Nella Settanta e in altre versioni, probabilmente l'antico ebraico, Salmi 9:1 ; Salmi 10:1-18 appaiono come uno. C'è una chiara connessione tra loro, ma è quella del contrasto. Nel primo il cantore si è rallegrato nell'esercizio del dominio di Geova su tutta la terra. In questo piange quello che sembra essere l'abbandono del suo stesso popolo.

C'è, in primo luogo, il grido di protesta del cuore contro quella che sembra essere l'indifferenza divina per l'ingiustizia operata dagli empi contro i poveri (1,2). Questa ingiustizia viene poi descritta in dettaglio. È una descrizione grafica della brutalità del governo terreno quando ha dimenticato Dio, o dice nella sua ignoranza che Dio l'ha dimenticato.

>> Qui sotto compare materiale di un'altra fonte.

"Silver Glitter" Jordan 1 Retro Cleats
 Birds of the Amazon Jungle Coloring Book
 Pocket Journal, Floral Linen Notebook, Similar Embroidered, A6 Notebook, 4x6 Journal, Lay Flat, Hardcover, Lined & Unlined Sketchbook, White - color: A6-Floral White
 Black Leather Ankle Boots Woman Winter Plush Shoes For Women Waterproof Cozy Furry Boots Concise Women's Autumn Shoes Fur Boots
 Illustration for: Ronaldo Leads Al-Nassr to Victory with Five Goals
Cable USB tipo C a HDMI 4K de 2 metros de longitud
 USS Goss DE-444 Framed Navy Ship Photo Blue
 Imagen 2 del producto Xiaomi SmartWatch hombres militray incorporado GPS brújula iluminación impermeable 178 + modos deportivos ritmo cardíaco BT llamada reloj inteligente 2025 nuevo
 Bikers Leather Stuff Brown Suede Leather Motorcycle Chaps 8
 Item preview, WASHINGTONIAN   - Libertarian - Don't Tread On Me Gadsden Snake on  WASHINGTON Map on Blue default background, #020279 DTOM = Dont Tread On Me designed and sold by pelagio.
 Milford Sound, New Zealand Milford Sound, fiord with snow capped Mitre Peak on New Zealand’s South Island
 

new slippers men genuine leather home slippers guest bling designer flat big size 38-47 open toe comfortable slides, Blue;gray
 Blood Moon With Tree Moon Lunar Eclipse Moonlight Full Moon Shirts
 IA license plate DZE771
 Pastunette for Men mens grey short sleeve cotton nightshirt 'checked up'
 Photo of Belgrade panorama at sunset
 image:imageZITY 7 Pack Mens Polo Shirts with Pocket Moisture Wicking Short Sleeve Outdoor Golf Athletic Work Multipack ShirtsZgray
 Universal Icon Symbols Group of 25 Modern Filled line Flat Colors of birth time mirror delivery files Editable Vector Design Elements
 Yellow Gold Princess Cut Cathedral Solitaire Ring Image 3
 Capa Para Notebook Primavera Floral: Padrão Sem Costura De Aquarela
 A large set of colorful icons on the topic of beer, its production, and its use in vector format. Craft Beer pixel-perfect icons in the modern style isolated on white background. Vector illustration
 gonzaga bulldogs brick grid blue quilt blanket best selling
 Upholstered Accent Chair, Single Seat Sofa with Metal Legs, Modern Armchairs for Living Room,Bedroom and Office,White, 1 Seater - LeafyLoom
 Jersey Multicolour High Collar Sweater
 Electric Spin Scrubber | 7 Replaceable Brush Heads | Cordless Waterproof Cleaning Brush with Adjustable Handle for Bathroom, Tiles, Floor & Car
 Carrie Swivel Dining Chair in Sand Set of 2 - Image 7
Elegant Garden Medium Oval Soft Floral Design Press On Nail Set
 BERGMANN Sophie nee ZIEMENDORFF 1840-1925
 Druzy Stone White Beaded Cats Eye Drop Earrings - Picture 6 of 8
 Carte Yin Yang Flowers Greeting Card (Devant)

L'immagine si adatterebbe a molte volte di malgoverno sulle pagine della storia umana. C'è un grido del cuore a Geova, affinché Dio interferisca. Se il salmo si apre con lamentele, si chiude in confidenza. L'uomo malvagio ha torto su Dio. Lui vede e sa. Il grido degli oppressi Egli ascolta. La liberazione deve venire, poiché Geova è il Re. Non una o due volte, ma spesso gli uomini di fede sono stati spinti a gridare contro l'oppressione dell'uomo da parte dell'uomo.

Felice è colui la cui fede lo porta a lamentarsi direttamente con Geova. Il risultato è sempre una rinnovata coscienza della certezza del governo divino e della necessaria giustezza della questione ultima.